Your goal:
Output the lines from the one containing "We're going to" through the last line of the material below, exactly; please do not include pictures.

Information supplied:
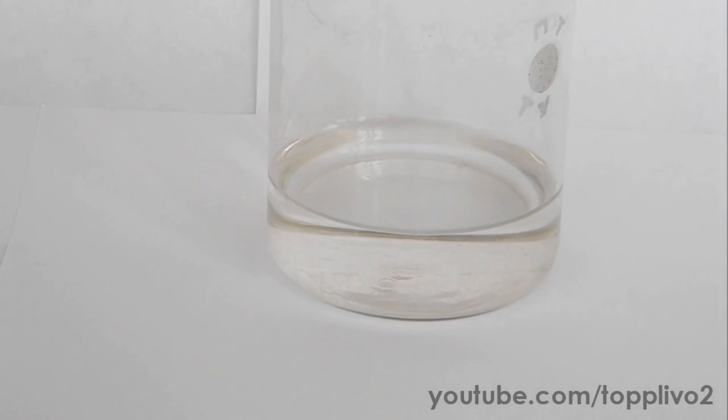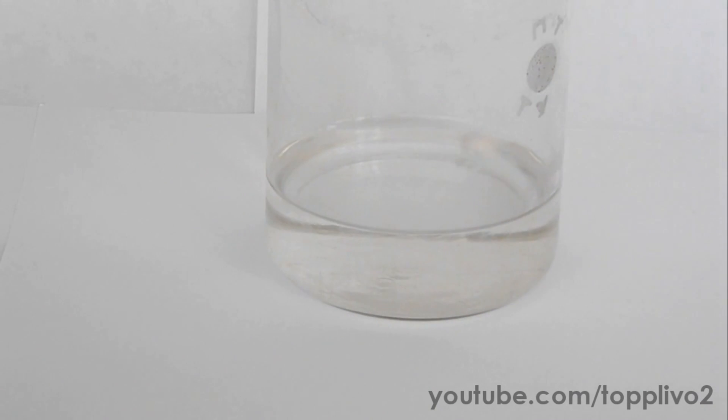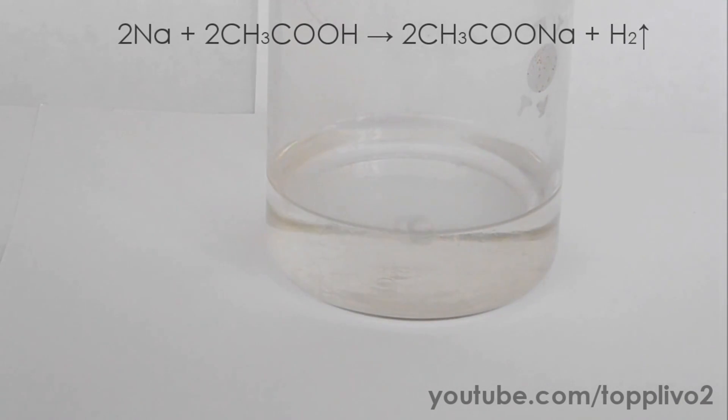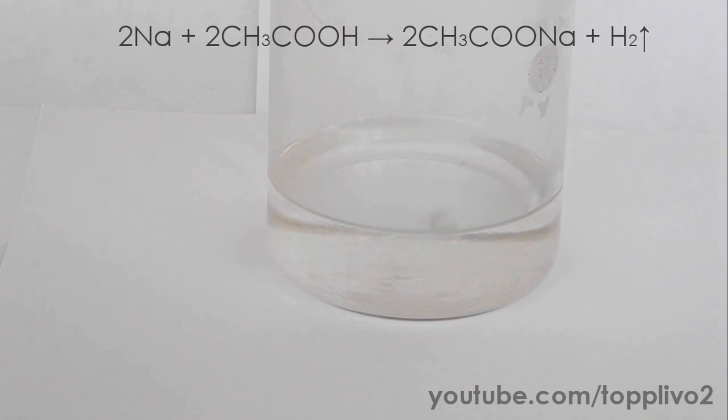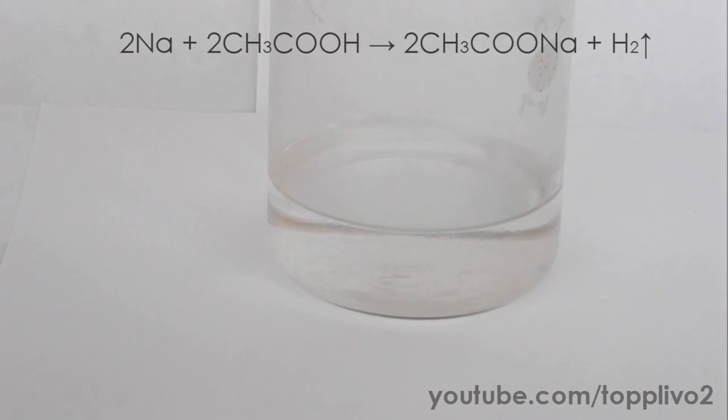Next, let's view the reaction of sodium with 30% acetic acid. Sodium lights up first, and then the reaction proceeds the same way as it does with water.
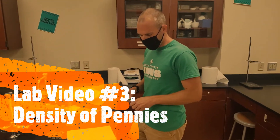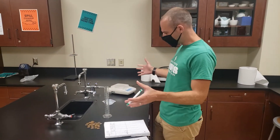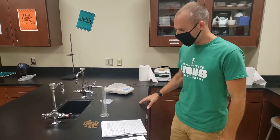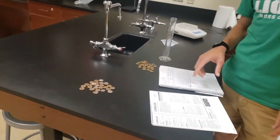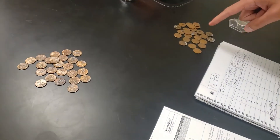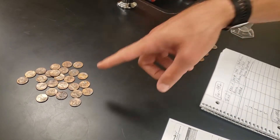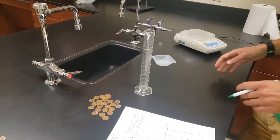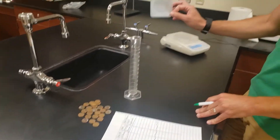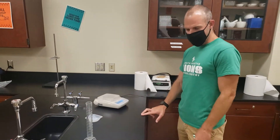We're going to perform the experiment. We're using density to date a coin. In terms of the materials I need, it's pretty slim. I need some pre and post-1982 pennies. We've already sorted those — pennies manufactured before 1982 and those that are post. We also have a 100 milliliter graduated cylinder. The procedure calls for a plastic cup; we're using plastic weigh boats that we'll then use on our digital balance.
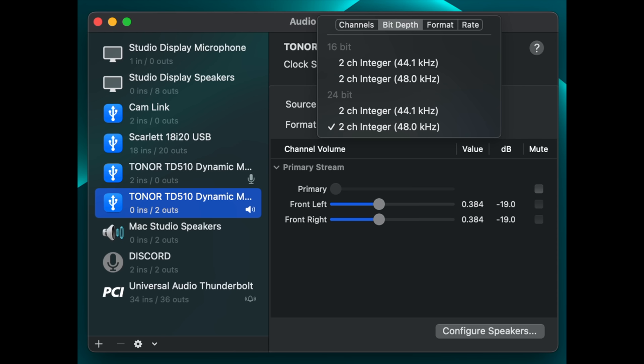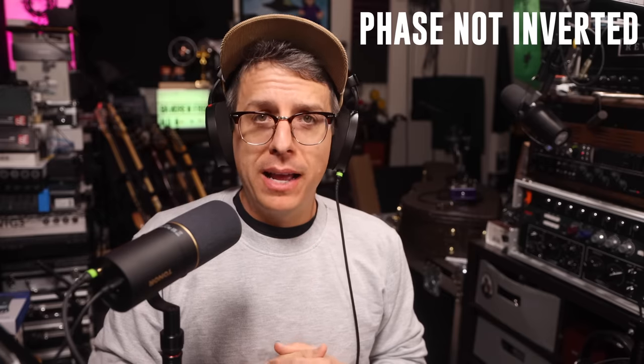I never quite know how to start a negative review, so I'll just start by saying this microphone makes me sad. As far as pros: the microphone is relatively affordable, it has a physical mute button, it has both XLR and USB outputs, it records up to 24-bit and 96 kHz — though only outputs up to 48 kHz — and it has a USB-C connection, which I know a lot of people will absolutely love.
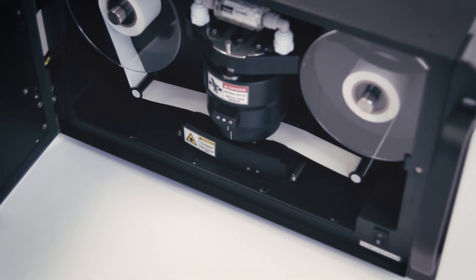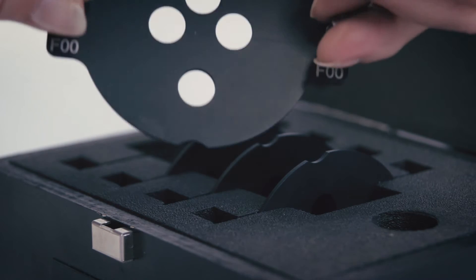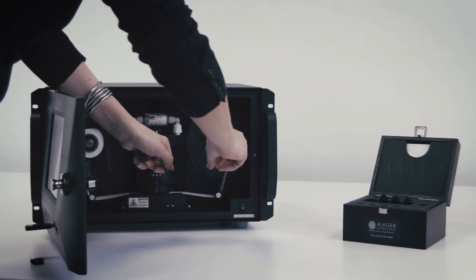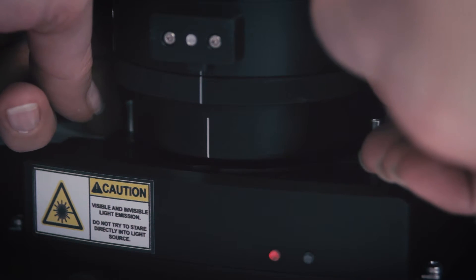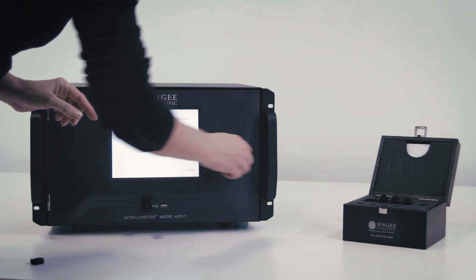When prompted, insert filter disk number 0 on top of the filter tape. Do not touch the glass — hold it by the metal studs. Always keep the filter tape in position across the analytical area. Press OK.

Written response:
We're going to perform the experiment. We're using density to date a coin. In terms of the materials I need, it's pretty slim. I need some pre and post-1982 pennies. We've already sorted those — pennies manufactured before 1982 and those that are post. We also have a 100 milliliter graduated cylinder. The procedure calls for a plastic cup; we're using plastic weigh boats that we'll then use on our digital balance.
I never quite know how to start a negative review, so I'll just start by saying this microphone makes me sad. As far as pros: the microphone is relatively affordable, it has a physical mute button, it has both XLR and USB outputs, it records up to 24-bit and 96 kHz — though only outputs up to 48 kHz — and it has a USB-C connection, which I know a lot of people will absolutely love.
When prompted, insert filter disk number 0 on top of the filter tape. Do not touch the glass — hold it by the metal studs. Always keep the filter tape in position across the analytical area. Press OK.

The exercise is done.